Tanya Stevenson's Racing UK Blog
|Saturday 20th December 2014|
Field sizes have reared their ugly head again
There is a danger of repetition here in this column but I see that field sizes have hit the headlines again. This problem isn’t going to go away as it stands. While many grumble, the harsh reality is that things will only get worse before being helped to improve.
The most worrying statistic wasn’t that 47% of National Hunt handicaps in December have had seven or fewer runners, it was that 18% of race have had five or fewer runners. Or 20%, if you include non-handicaps. November wasn’t much better as overall the number of races with five or fewer runners flirted around the 19% mark. Put these under the microscope now as there is an urgent need to unravel the reason why this is happening.
These figures hit home hard so hopefully they may give cause to all vested interests to come together to find better a solution.
The initial problem which has been highlighted plenty of times before is that there are more fixtures put on as the horse population dropped. Yet the difficulty, and to some extent, unwillingness, to reduce the amount of races or indeed fixtures isn’t helping matters.
Winters haven’t been harsh enough to let weather help remove fixtures from the jumps schedule, and now the proactive nature of our sport results in these races being replaced and staged at a later date. Then there is all-weather meetings, which are added added or there are bumpers for jumpers meetings.
This is a story which looks set to develop further.
I note Kempton’s starting price overrounds at a recent meeting are coming under scrutiny. I acknowledge this but consider greyhound racing, where the starting price percentages are at a steady constant of at least 4% per runner. A high tolerance threshold is needed to bet against those prices, and we whine as soon as it hits 2% per runner in racing.
There has to be an understanding the betting ring is a different dynamic now. Many of those standing on pitches have an umbilical cord to the exchanges. Instead they are fixated in being able to lay a bet and hedge it back on the exchanges.
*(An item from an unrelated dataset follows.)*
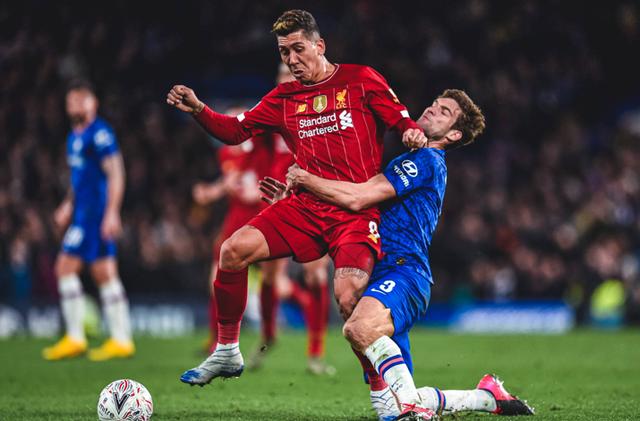 越南队进步速度惊人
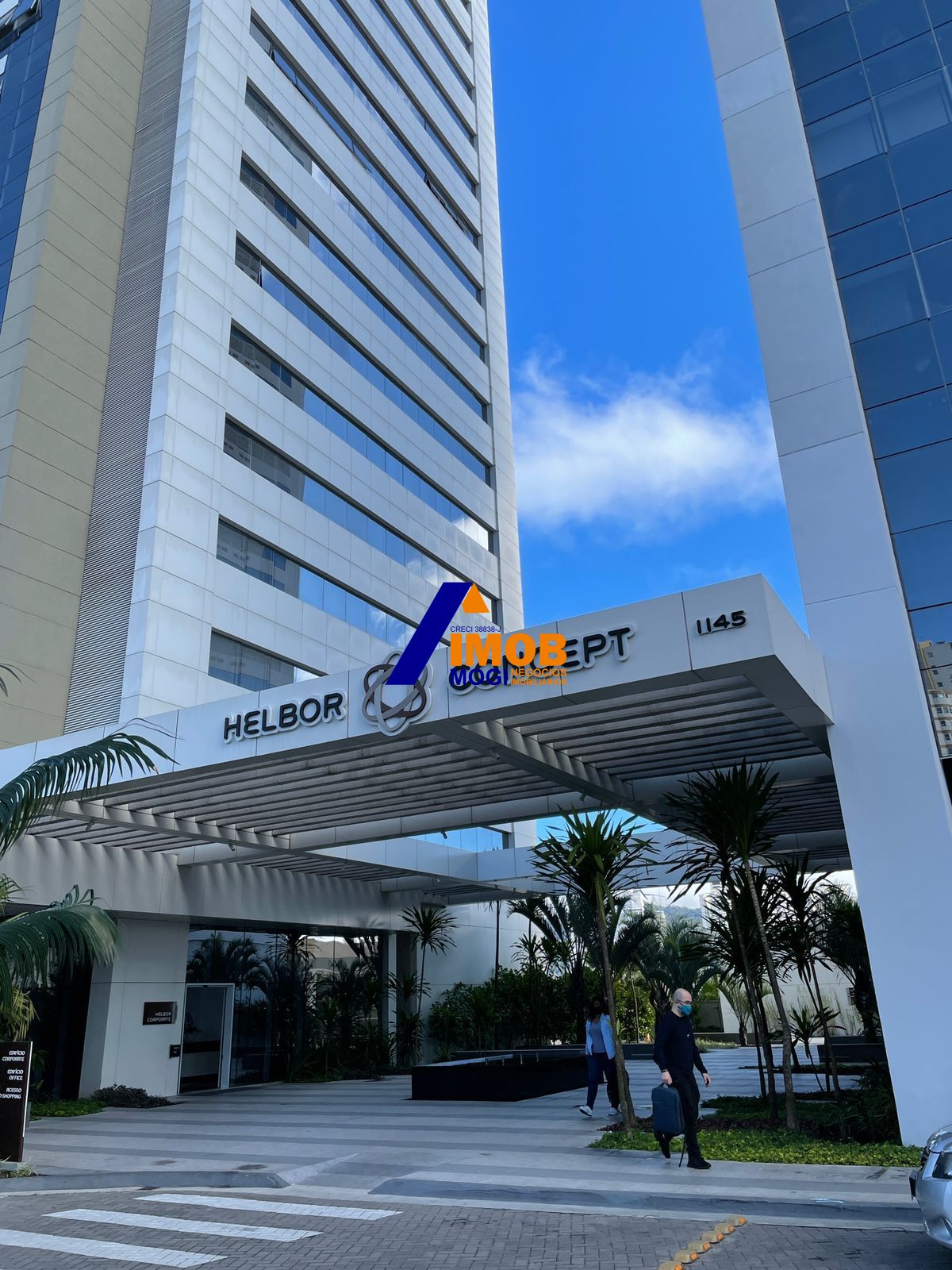 Sala-Conjunto, 48 m² - Foto 20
On Thursday the 1.40 at Towcester returned an overround of 123%, which is nearly 3% a runner yet there was no mention of it in the media.
Around 15% of our races in November and December contained an odds-on favourite thus making it not viable for bookmakers to bet each-way. The same scenario occurred in the International at Cheltenham where over half the ring traded win only. And the variation of the prices on those offering each-way varied enormously. Gregory Hughes, who was betting each-way, decided to offer the same prices as those win only but he was on his own so understandably took a good proportion of the money. On questioning him after he stated that he came out of the race unscathed. Full credit to him. Those surrounding him were disappointing in what they had displayed on their board.
What concerns me more is the 2% a runner in the Relkeel Hurdle, which was win only though I acknowledge at some point adding up the best prices bookmakers went overbroke. They don’t help themselves.
I’m sure the investigation will be thorough enough to delve deep into the core of the problem of field sizes, which has many strands. The increasing amounts of odds-on favourites, the shrinking field sizes, the actual best prices offered through the duration of the betting, the numbers of bookmakers betting at the course, their strength, and the attendance are just for starters.
As for the racing I’ve backed Bayan win and Swing Bowler each-way in the Ladbroke Hurdle at Ascot, while my main bet is Malibu Sun. With Ben Pauling in such rich form and the horse’s impressive win at Leicester latest he deserves his chance at Ascot.
Tanya Stevenson’s Saturday tip:
1.50 Ascot: Malibu Sun at 9-2 generally available
Tanya Stevenson's pointers:
1.50 Ascot - BGC Partners Handicap Chase:
Ben Pauling and Nico De Boinville have teamed up for four winners from their last seven runners.
Six of the last ten favourites have won the Long Walk Hurdle.
Lizzie Kelly has ridden Aubusson to three victories from just five rides.
Reve De Sivola is attempting to win his third straight Long Walk Hurdle.
Daryl Jacob has ridden Reve De Sivola 18 times to four wins, five seconds and five thirds.
Eight of the last ten winners of the Long Walk Hurdle had finished no worse than second on their most recent run.
Easter Day has won both his starts at Ascot.
Houblon Des Obeaux has run at Ascot four times winning twice, second once and third once.
Hey Big Spender has not won in six tries in December.
Brendan Powell has ridden Hey Big Spender four times and won on him three times.
All of the last nine winners of the Ladbroke had finished no worse than third on their most recent run.
Only one of the nine favourites have won the Ladbroke.
Only one of the nine winners of the Ladbroke were aged older than six - 2002 Chauvinist.
The only Irish winner of the Ladbroke since 2001 was Cause Of Causes trained by Gordon Elliott in 2012.
Harry Fry has had four winners from his five Ascot Hurdle runners.